Introduction #
This adventure into the wonderful world of reverse engineering is brought to you by the great challenges available on Hack the Box. I picked one of the easier challenges available on their website to test my slowly growing knowledge and understanding of how to use tools such as Ghidra, IDA and Binary Ninja. This particular sample was analysed statically using Ghidra. I’ve included a little spiel below about the program, just in case anyone was interested. Otherwise feel free to skip and roll right on through to the analysis portion of this article!
Analysis Environment #
I will be using an M1 Apple Silicon MacBook to perform analysis of this binary. I have built out a malware analysis VM environment on my machine which houses an assortment of macOS, Nix and Windows operating systems to perform both dynamic and static analysis safely (but more on this in a separate post!).
What is Ghidra? #
Ghidra is a wonderful open-source disassembler that was developed by NSA’s Research Directorate to support their Cybersecurity mission. It’s a incredible tool with a lot of cool and honestly life-changing functions that displays assembly code in an easy-to-read format.
This particular tool is one of the perfect starting points for people new to the field because the cost of entry is nothing (unlike Binary Ninja and IDA Pro). That’s right, you can use it for free! I would also recommend getting a copy of Ghidra: The Definitive Guide written by the impressive Chris Eagle (that’s right, the same chap that wrote the Definitive Guide to IDA Pro!). It is a very comprehensive introduction (and really deep dive) into all the functionality offered by the platform—starting off with a wonderful introduction section that teaches you how to reverse engineer using the tool.
Ghidra is supplied across Linux, macOS, and Windows Operating Systems.
The Challenge #
The zip archive of this challenge can be found via the hack the box website. I have provided the hashes of the executable below for reference.
Hash Value | Filename: encrypt |
---|---|
SHA 256 | 035335fc74d59ff91f295c0ab0b9fbb0ff99060e508f7035004ab53604bee293 |
SHA 1 | fa61d18fdd736213b11f7a51f9923f2bc7cde9e9 |
MD5 | 00ed50d5e50ab99e6a0c4911043b5dd3 |
Download: Hack The Box
Unzipping the archive revealed two key artefacts: encrypt
and file.enc
. The initial theory was that the executable pushed out an encoded file into the directory it was run into.
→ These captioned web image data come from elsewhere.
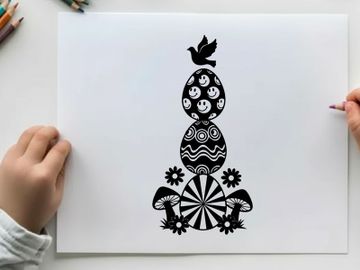 Whimsical silhouette of stacked eggs with mushrooms and flowers preview picture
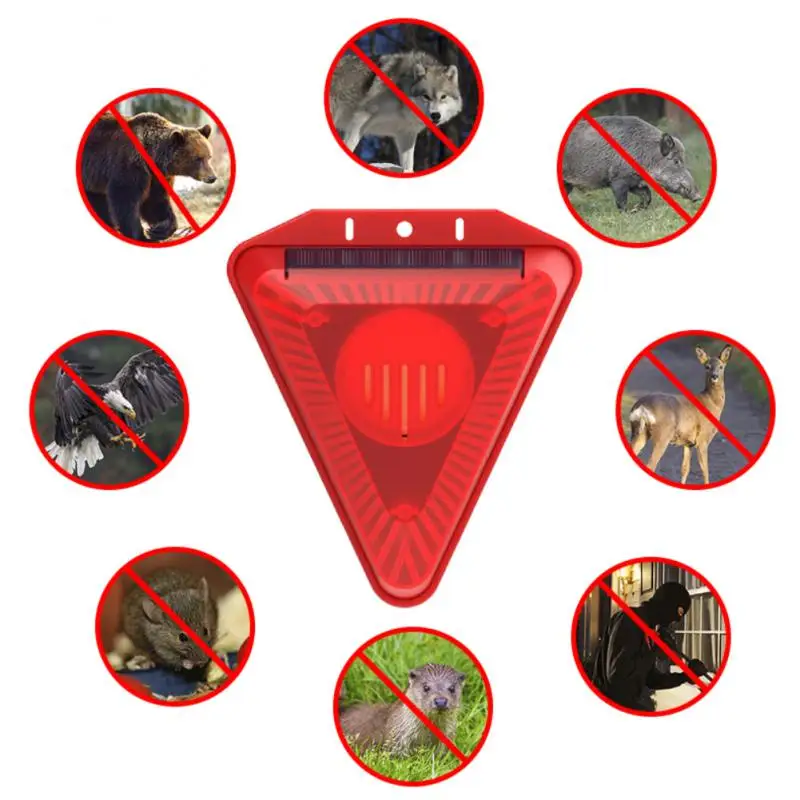 Solar Alarm Repellent Lamp Outdoor Flashing Light Waterproof Dog Barking Sound Alarm Drive Away Animals For Home Security Farms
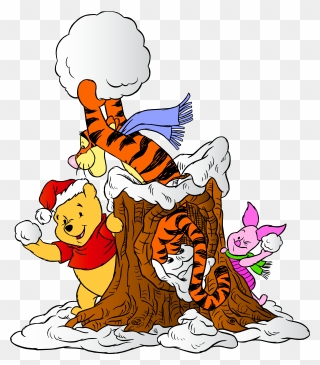 Winnie The Pooh And Friends With Snowballs Png Clip - Winnie The Pooh Winter Png Transparent Png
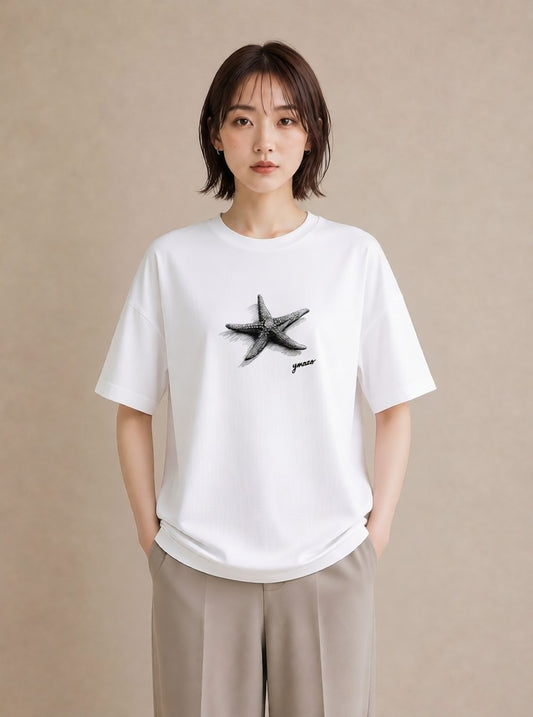 Tシャツ レディース ヒトデ 海の生き物 海 イラスト ラフカジュアル 公園 ママ 白T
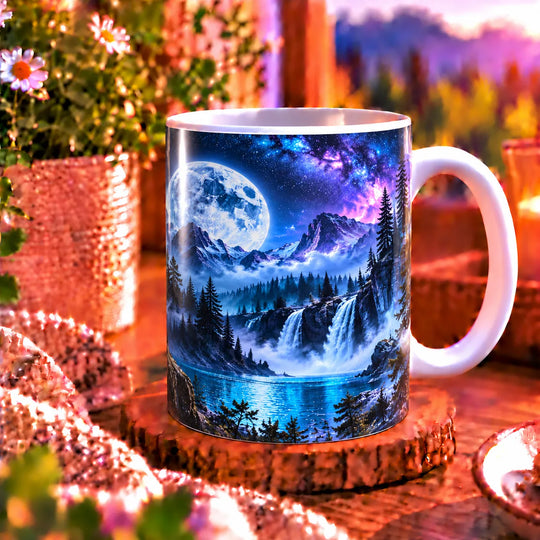 Seitenansicht der weißen Keramiktasse mit Wolfmotiv und weißem Henkel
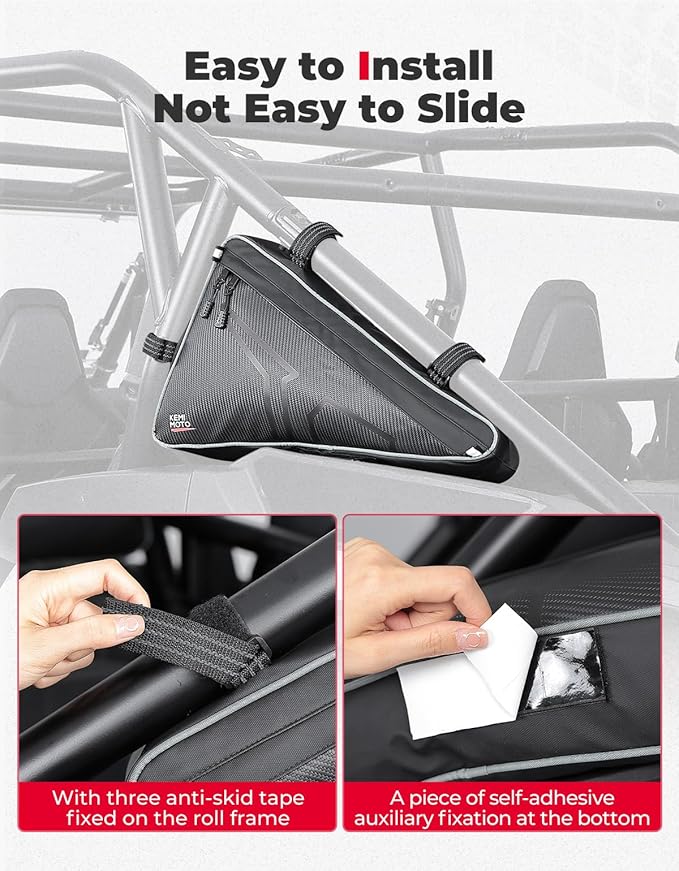 KEMIMOTO Roof Storage Bags for UTV Tool Triangle Bag Compatible with 2024/2025/2026 Polaris RZR XP 1000/4 1000 Fit UTV Roll Bar PVC Wear Resistant Double Zippers for Rear Anti-Roll Frame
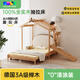 colorfree兒童床樹屋床冰棍床蒙氏伸縮床櫸木抽拉床實(shí)木地臺(tái)床男孩女孩攀爬 繪本床+折疊床墊 1500mm*2000mm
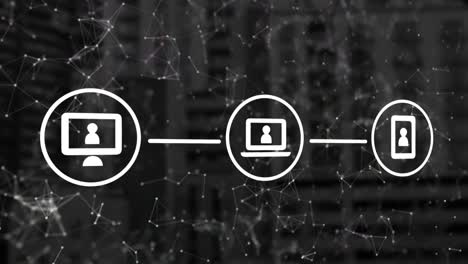 animación de la red de conexiones e iconos sobre un fondo oscuro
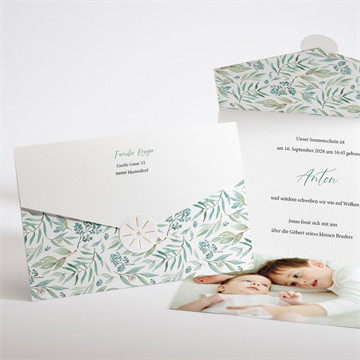 Geburtskarte pflanzliche zärtlichkeit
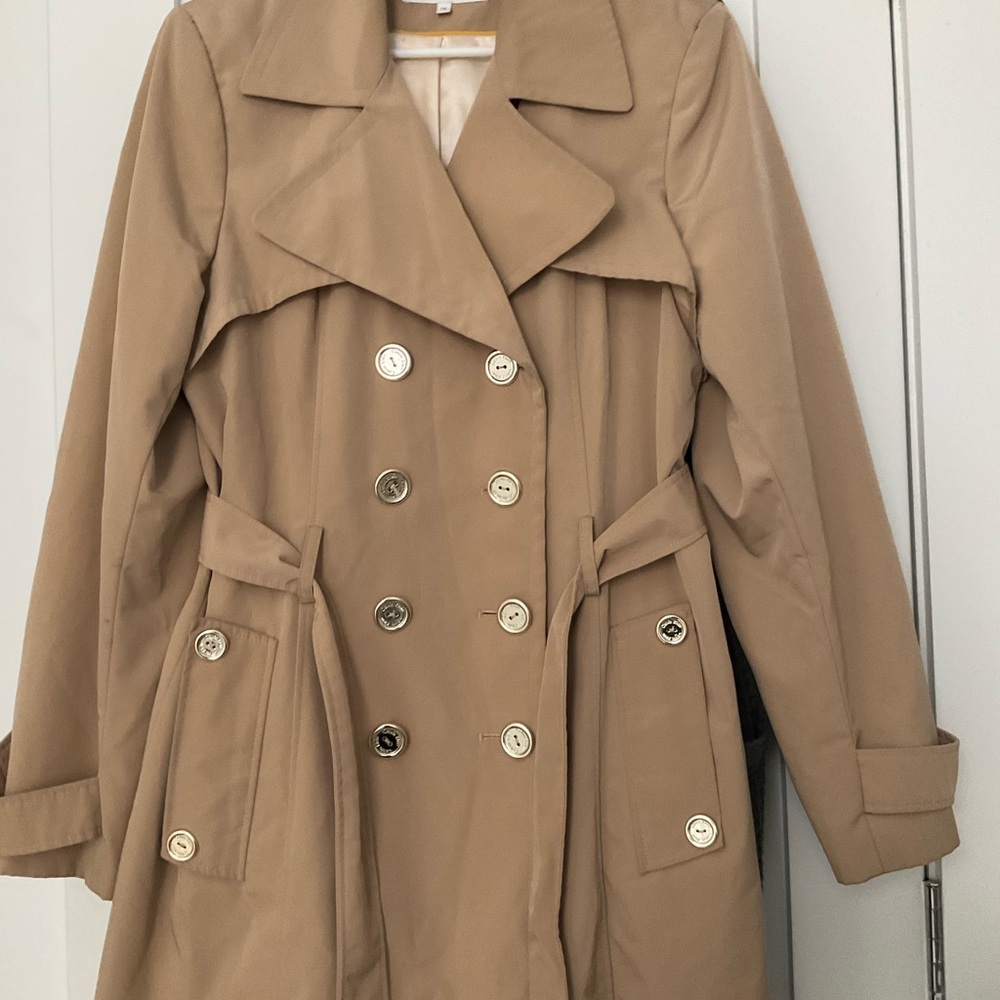 Calvin Klein Classic Tan Double-Breasted Women's Trench Coat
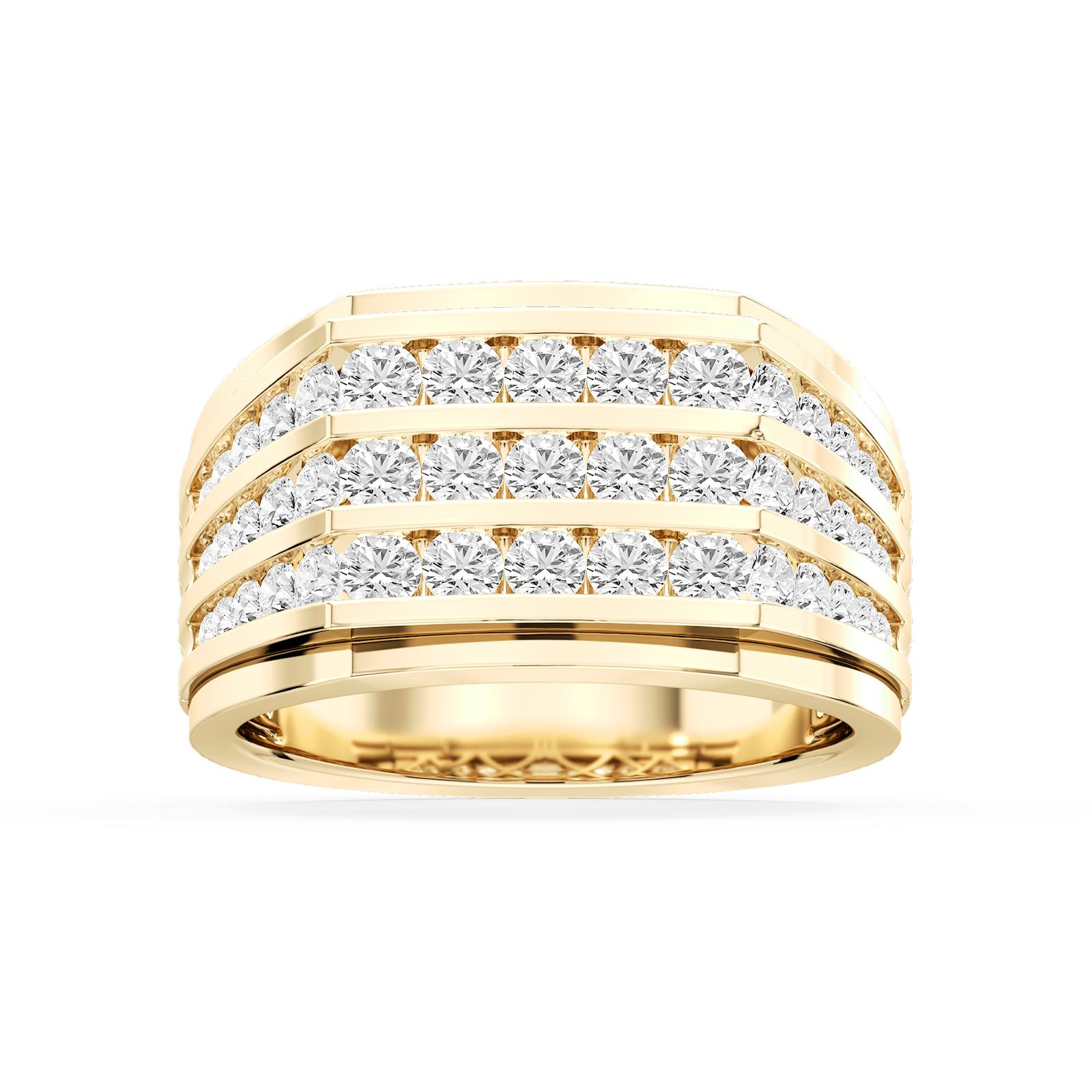 Jameson 2 ctw Round Lab Grown Diamond Three Row Channel Wedding Band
Let’s get stuck into it and start understanding this!
Step 1: Action Plan #
Whenever I analyse a sample, the first step I generally take is to assess what information I have been provided with and come up with an “action plan” to guide my analysis. As someone who is easily pulled into rabbit holes, this approach often helps me stay on track when performing analysis.
For this sample, I came up with the following plan:
- What information/clues has the ZIP archive provided me with that could assist in understanding the function of this binary?
- We have the executable titled
encrypt
and a file titledflag.enc
(let’s remember this name)
- We have the executable titled
- Figure out the format of the executable—what platform does it normally run on? What VMs should I use to mitigate any risk in executing this?
- Running
file
at the command line:ELF 64-bit LSB pie executable, x86-64, version 1 (SYSV), dynamically linked, interpreter
. Let’s run static analysis on macOS or *nix then.
- Running
- What am I trying to achieve in analysing this sample?
- Understand the encryption algorithm through static analysis
- If any additional questions, run dynamically inside a VM
- Write a decrypter for this sample to reveal the text (i.e. our flag)
With these broad questions in mind, let’s get started.
Step 2: Ghidra Project & Function Analysis #
We need a logical starting point for our analysis. Depending on your learning style, there will be multiple ways to approach this as your eyeballs are overwhelmed by the delightful spluttering of assembly and decompiled text of a new, unfamiliar binary. However, I would always recommend you follow through the default, auto analysis process provided by Ghidra until you are familiar enough with the program to make changes.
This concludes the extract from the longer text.